Of course, Reed’s conservativism has nothing to do with tax rates. This microscopic redoubt of braininess—with about 1,300 students, smaller than Grant High School—owes its outsize role in Portland to demanding values that have little to do with its “radical” trappings. In its stubborn devotion to teaching kids “the best which has been thought and said” (as 19th-century poet Matthew Arnold would put it), Reed takes a lonely, possibly doomed stand in an era when most people think of college as glorified job training.

For Reedies, the conservative rebellion begins on day one.
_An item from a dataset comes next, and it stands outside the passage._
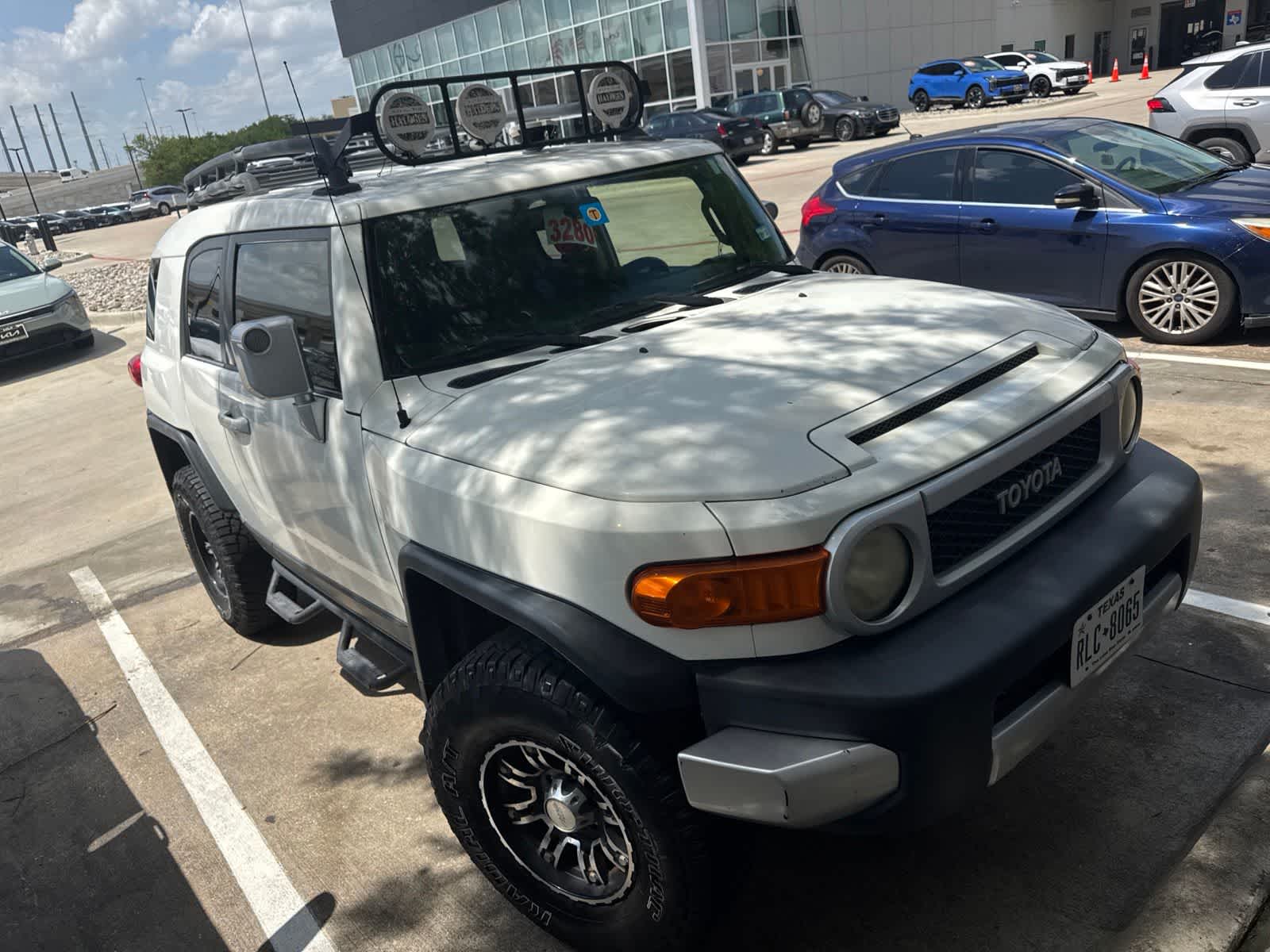 Thumbnail: 2010 Toyota FJ Cruiser - 3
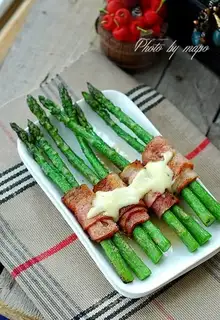 Cheese bacon rolls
Every freshman takes Humanities 110 (“Hum 110”), a yearlong plunge into ancient Greece and Rome and Testaments Old and New. “Our primary goal is to teach students how to make good arguments,” says Anne Delehanty, a professor of French and humanities. “And by questioning whether the Greeks, Romans, and Egyptians were ‘just like us,’ ‘utterly unlike us,’ or something in between, students get a richer understanding of the past.”

This march through antiquity definitely shapes a Reedie’s worldview. “Society must have shared values,” says Chana Cox, a 1964 Reed graduate and recently retired Lewis & Clark College lecturer. “Exposure to the classics is one way to create that kinship.”
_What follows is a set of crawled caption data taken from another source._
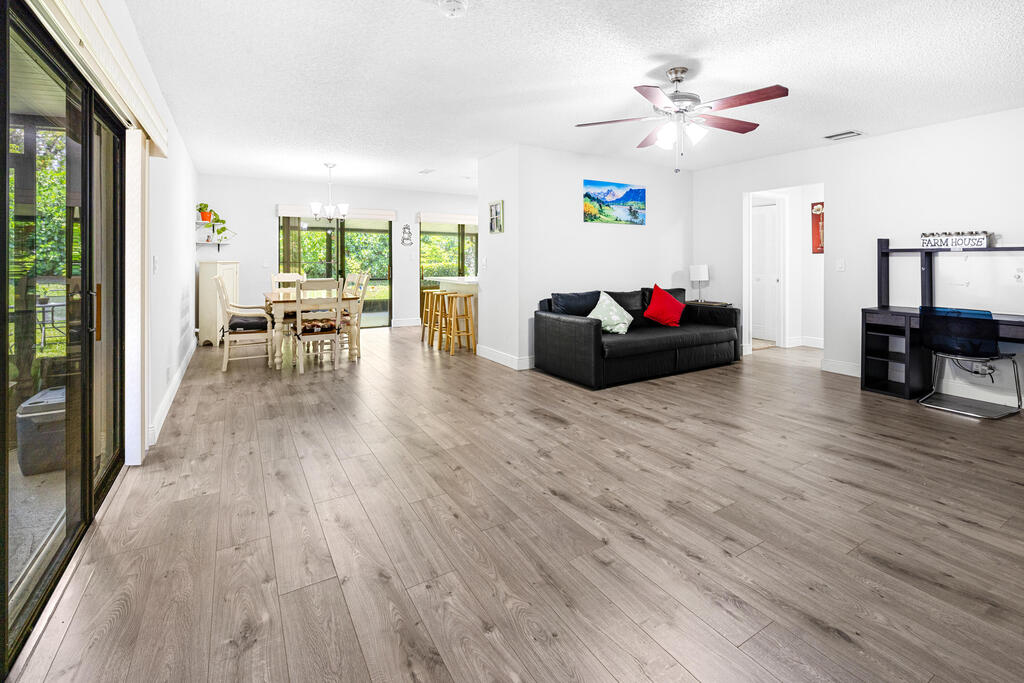 5135 Mirror Lakes Boulevard, Boynton Beach, FL 33472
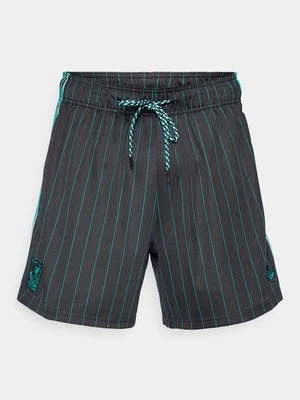 Artykuły klubowe adidas Originals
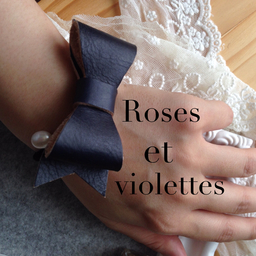 Roses et violettes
Every college pays lip service to “well-rounded” students—often while funding tutoring services for football players. Reed’s requirements leave no choice. Wordsmiths find themselves taking calculus; computer science savants face Euripides. And, yes, everybody must take a year and a half of PE. (Thank you, badminton.) The nation’s only nuclear reactor in undergraduate hands symbolizes the school’s rigorous science programs. To top it off, every senior must write and defend an ambitious research thesis.
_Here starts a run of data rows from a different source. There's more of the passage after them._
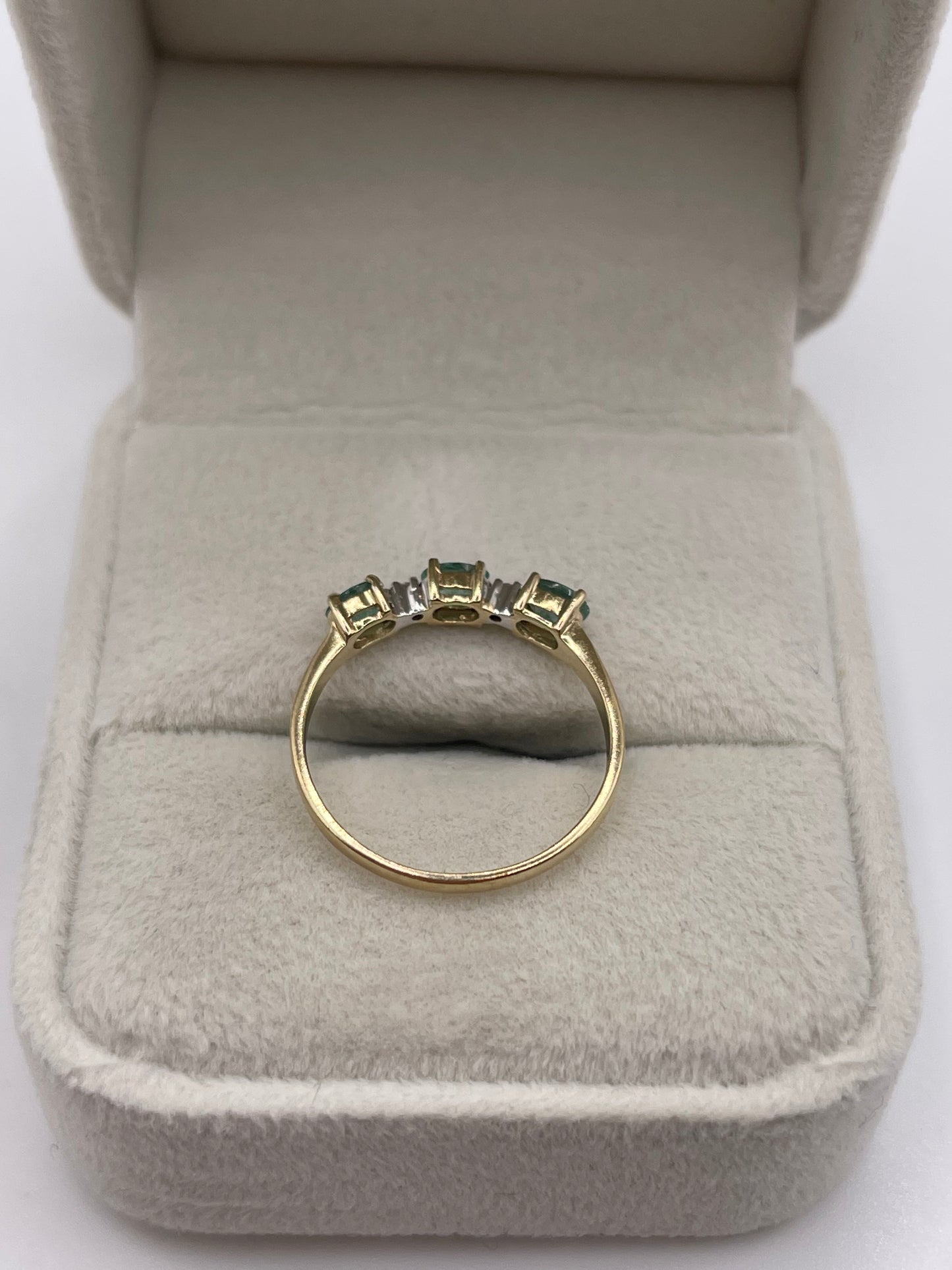 9ct gold emerald and diamond ring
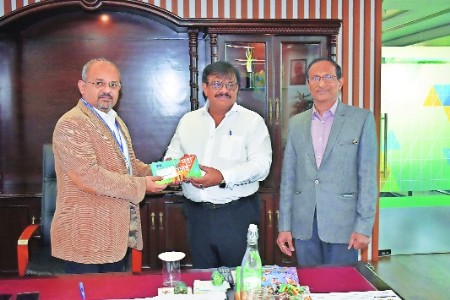 Batukbhai Jewellers, Nagpur Metro join hands to promote Maha Card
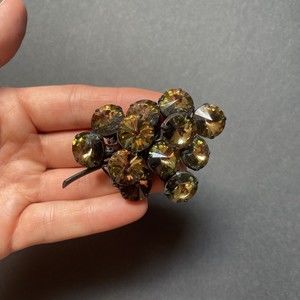 GORGEOUS *RARE* Chocolate Czech Glass Rhinestone Grape Cluster Brooch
Reed takes a lonely, possibly doomed stand in an era when most people think of college as glorified job training.

Those demands might explain the protean flexibility that allowed Reedies of different eras to found both Tektronix and New Deal Vodka, and why the alumni roster includes both the author of Geek Love and the inventor of Zoloft. Certainly, Reed’s stringent (“onerous,” some have said) graduation requirements set it apart, even in elite academia. Brown, an Ivy League school in Providence, Rhode Island, attracts a similar student body, but since the early 1970s has imposed no multidisciplinary requirements at all. Amherst College boasts of its “open curriculum” (i.e., no requirements). Vassar, Wesleyan, Grinnell, Yale—all similarly malleable.

Reed is even more out of step with the nation as a whole. Business has become the no. 1 major in the country. The for-profit University of Phoenix (also founded by a Reed grad, incredibly) has become the nation’s single biggest college. Even President Obama seems to regard the higher-ed system as a network of trade schools.

In that context, the future can look ominous for Reed’s ideals. “Unfortunately, I think the traditional humanities-based curriculum is doomed,” says Frank Donoghue, an Ohio State professor and author of The Last Professors. “It simply costs too much, and entails a tremendous leap of faith, with highly unpredictable results.”

I hope Donoghue is wrong. At Reed, I read a lot and learned an astonishing amount. And for now, Reed ensures that Portland remains home to a tribe of people who have thought hard about Western civilization’s greatest achievements, and who have grappled with problems far outside of their personal expertise.

In that, Reed’s true contribution to Portland is far more radical than most people suspect.